Cpl. Mati Milstein — an American from Santa Fe, N.M., who moved to Israel and joined the army four years ago — recalled detaining a Palestinian and his son recently at a Gaza Strip checkpoint near a Jewish settlement.

He said he trained his M-16 rifle on the father and ordered him out of his car as the "young son watched in horror." After a thorough search of the vehicle yielded nothing, Milstein took the man's ID card, ambled over to his shaded and fortified checkpost and gossiped with a colleague, keeping his M-16 trained on the father and son, who remained standing under the wilting sun.

"I held them for 20 minutes — because I could," he recalled. "Then I let them go because I got bored with the game."

"I didn't think about the implications until afterward," said Milstein. "I didn't feel good about what I did — that I couldn't keep myself from sinking to this."

Last year Milstein decided to tell his story in the newsletter of the Jewish Federation of Greater Albuquerque, N.M.

"There's a mystique about the army — that we are the most moral army in the world, we only do good things," Milstein said. "But this is what's happening. I think it's important for people to know." He thought it particularly important to tell other Jews because, he said, "they don't really know what's going on."

"There are terrorists stopped and terrorist attacks prevented," he said. "In that respect, there is a very clear purpose and reason for being there. But I don't think we should be there. All the incidents that happen at checkpoints make the Palestinian population hate us more. It counteracts the useful work of tracking suicide bombers. It strengthens the hand of the armed Palestinian groups. It makes it easier for Hamas to justify its attacks on Israelis."

Brig. Gen. Yiftah Spector is one of the most decorated pilots in Israeli history, a triple ace credited with downing 15 enemy planes in wars spanning three decades. In recent years, Spector became a revered flight instructor for the air force.

Last month scores of Palestinians were killed or wounded when pilots attempting to kill militant leaders dropped bombs or fired missiles into crowded urban neighborhoods in the Gaza Strip. Spector and 26 other current and former Israeli air force pilots signed a letter stating their opposition to executing "illegal and immoral orders to attack." They refused "to take part in air force strikes in civilian population centers" and "to continue to hurt innocent civilians."

The air force commander, Maj. Gen. Dan Halutz, grounded all the pilots and fired the nine instructors, including Spector, his longtime friend and colleague.

"Deaf, blind and stupid"

Spector, 63, was undeterred. In an interview a few days after personally surrendering his wings to Halutz, he said: "I am the public. I can speak my heart."

"If we continue, there are going to be greater and greater dilemmas and there will be more and more mistakes," said Spector. The government, he said, is "deaf, blind and stupid" for relying exclusively on military force to resolve the conflict.
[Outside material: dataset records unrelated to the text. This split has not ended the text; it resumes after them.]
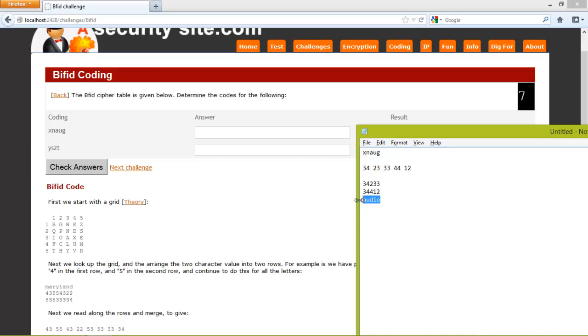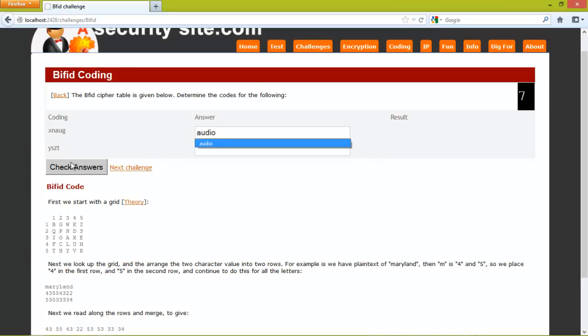So hopefully the word is audio. And that's correct.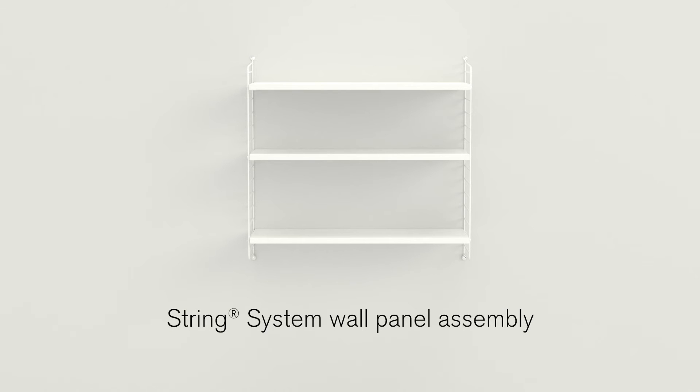Congratulations on your new String shelf! We will now give you all the tips and tricks you need when installing a String system with wall panels.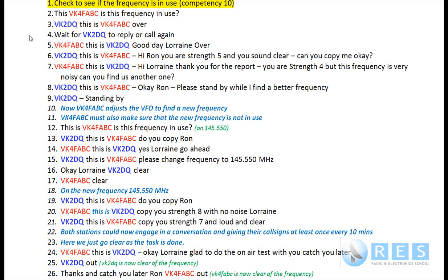Lorraine replies: 'VK2DQ, this is VK4FABC, okay Ron, please stand by while I find a better frequency, over.' I answer: 'VK2DQ, standing by.' Lorraine then moves to the new frequency and checks: 'This is VK4FABC, is this frequency in use, over?' She checks a second time: 'This is VK4FABC, is this frequency in use, over.'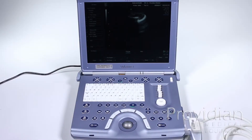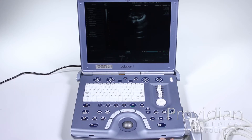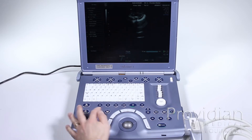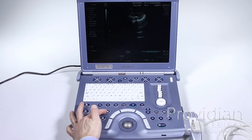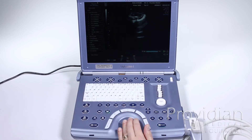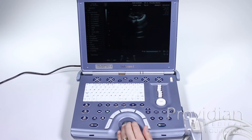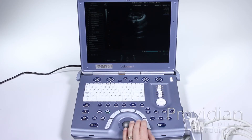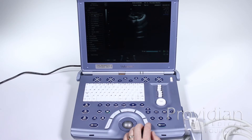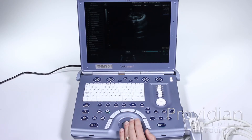We'll start with making 2D measurements. Start by pressing the freeze key, then press the calc button to push it down and we can take our measurements. I am setting an OB measurement right now, so it immediately went to the OB biometry measurements here, which is the default.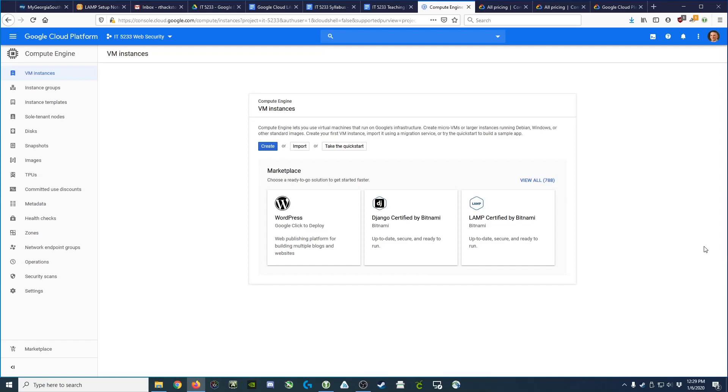Hey guys, got a quick video for you showing you how to launch a virtual machine instance on the Google Cloud Platform.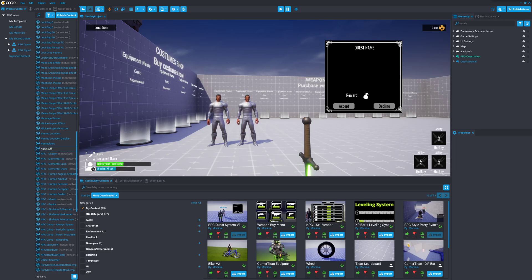Hey Titans, this is Mordecai from Gamertitan.com. In this video we're going to be going over changes that have recently been made to the RPG Quest System. If you haven't done so already, I highly recommend watching my previous video where I go into more detail on how to actually set up and use the inner features of the RPG Quest System. This video will be covering the changes — there are quite a bit of them, and I didn't want to make this video too long by repeating what was already said in that other video.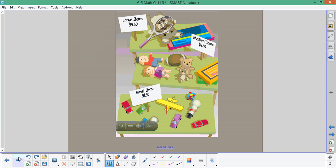Our problem today is Yoshi and his sisters are having a garage sale. As you can see, they have a bunch of items. There's small items, there's medium items, and there's large items.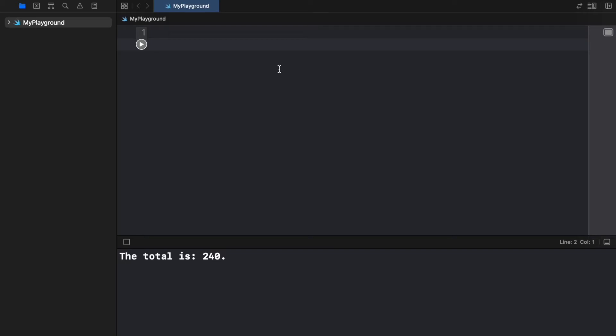What is up guys? In today's video we're going to be going over classes and objects in Swift because as you might have guessed, Swift is an object-oriented programming language. So let's just go ahead and go over the basic syntax on how to create a class and what classes really are.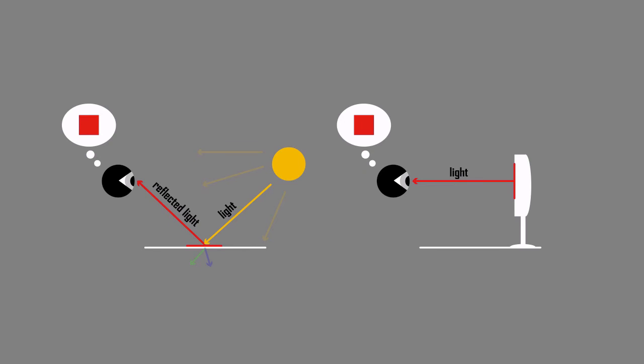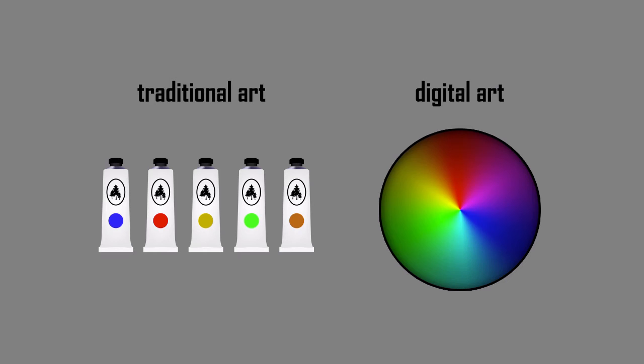In digital painting you are not limited by properties of the material. You have control over the light itself. This is both a blessing and a curse for a digital artist.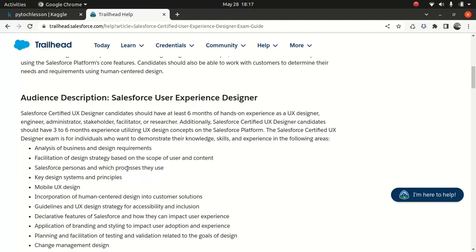So now the audience — usually who this certification is for. You should at least have six months of hands-on experience, and that's usually the case with every Salesforce certification. Because I believe you shouldn't take a certification first if you're not comfortable with that set of technology. Certification is there to gauge your knowledge on top of the experience you have. So if you're an experienced UX designer and you want to take the certification to gauge your current knowledge, this will be highly valuable.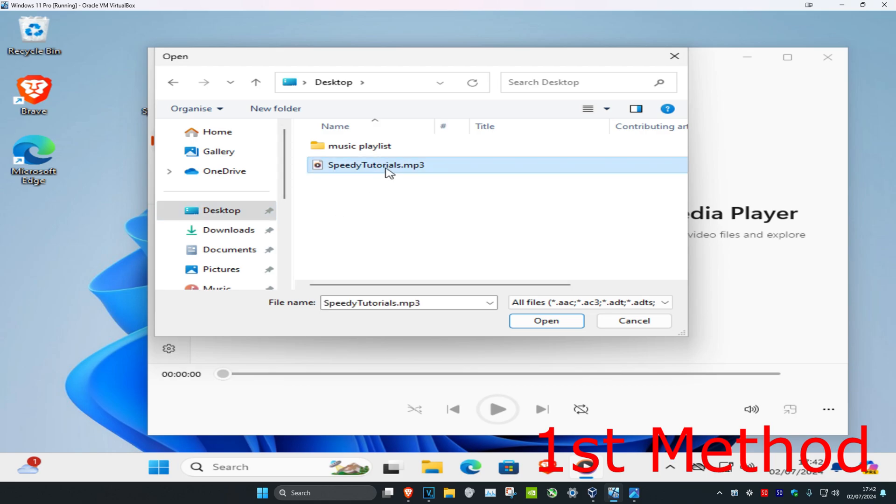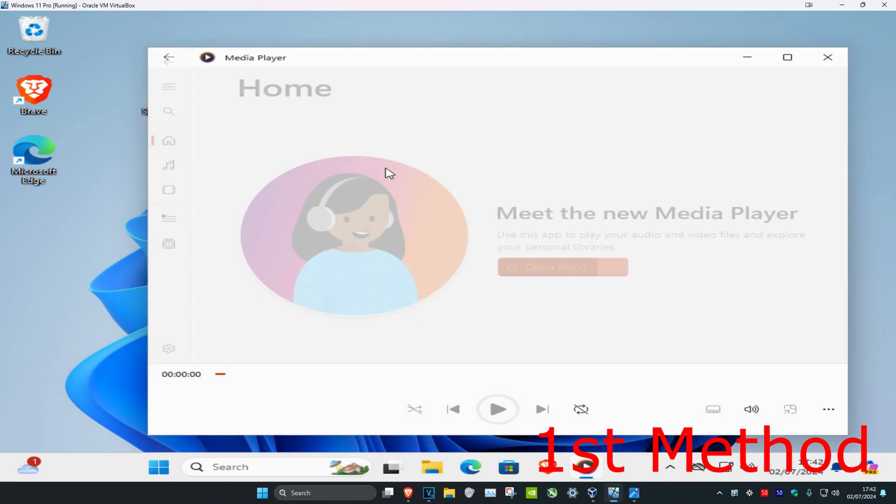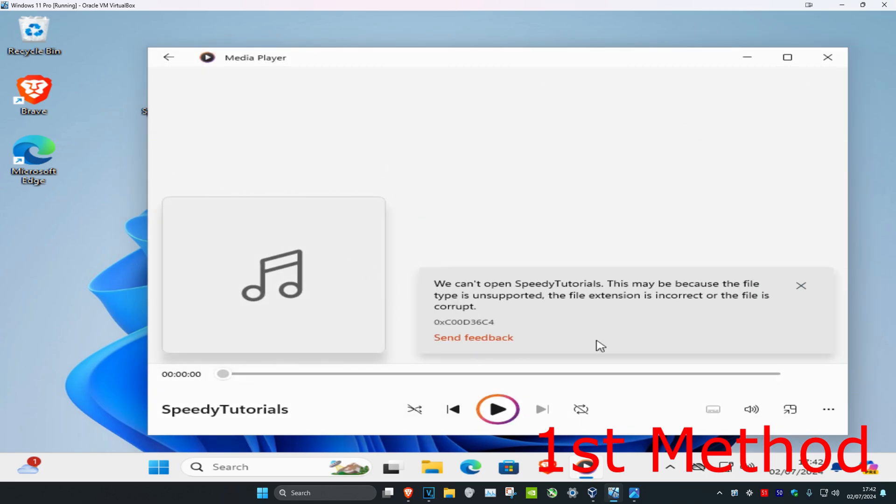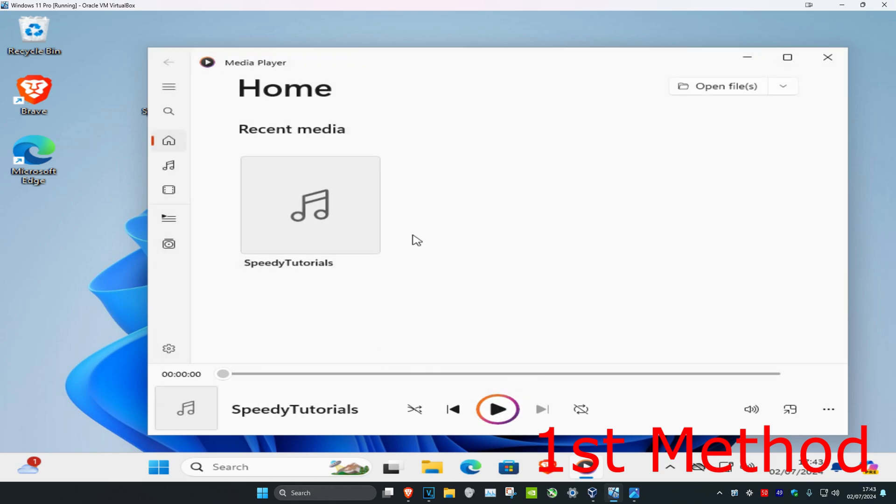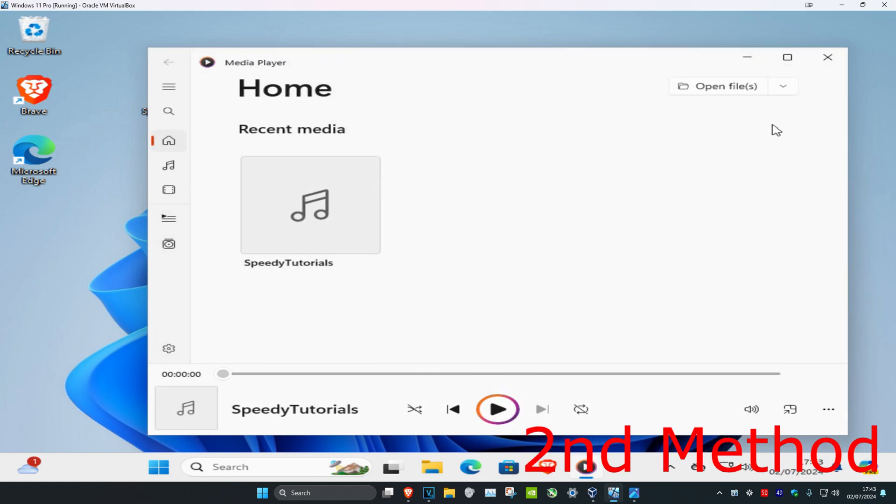I have it right here. Double click on it, which will then add it here, and then you can just start playing your song. Now it's been added to my library.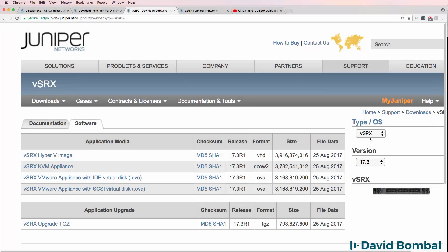In this video, I'm going to show you how to download version 17.3 of the Juniper vSRX software and import it into GNS3.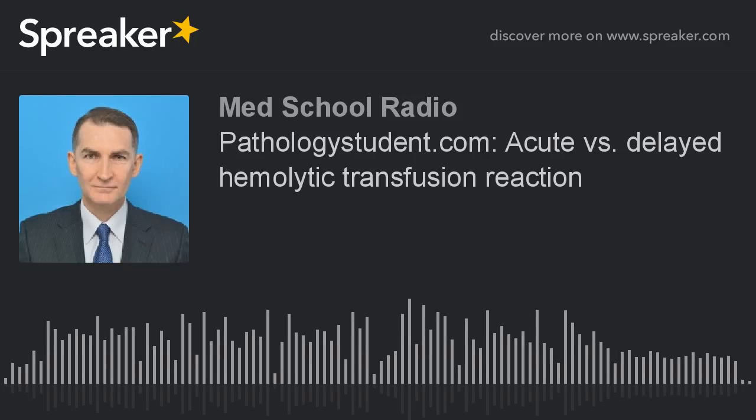And we are back. We're going to be talking about acute versus delayed hemolytic transfusion reactions. Telling these two types of blood transfusions apart sounds like a slam dunk — one happens acutely and one happens in a delayed fashion. Well, that's kind of true, but it's much more involved than that. So let's go ahead and talk about the differences.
In addition to the pilots, 567 reserve army officers and soldiers have declared publicly that they will no longer serve in the Palestinian territories, and hundreds of others have quietly asked their commanders for reassignment, according to military lawyers and Israeli military experts.

Many government officials have dismissed the numbers as inconsequential in a military of about 186,000 active-duty and 445,000 reserve troops. Some military analysts disagree.

"This is very significant," said Yagil Levy, author of a recently published book on changing trends in the Israeli military. "For the first time in Israeli history, you're talking about hundreds of officers."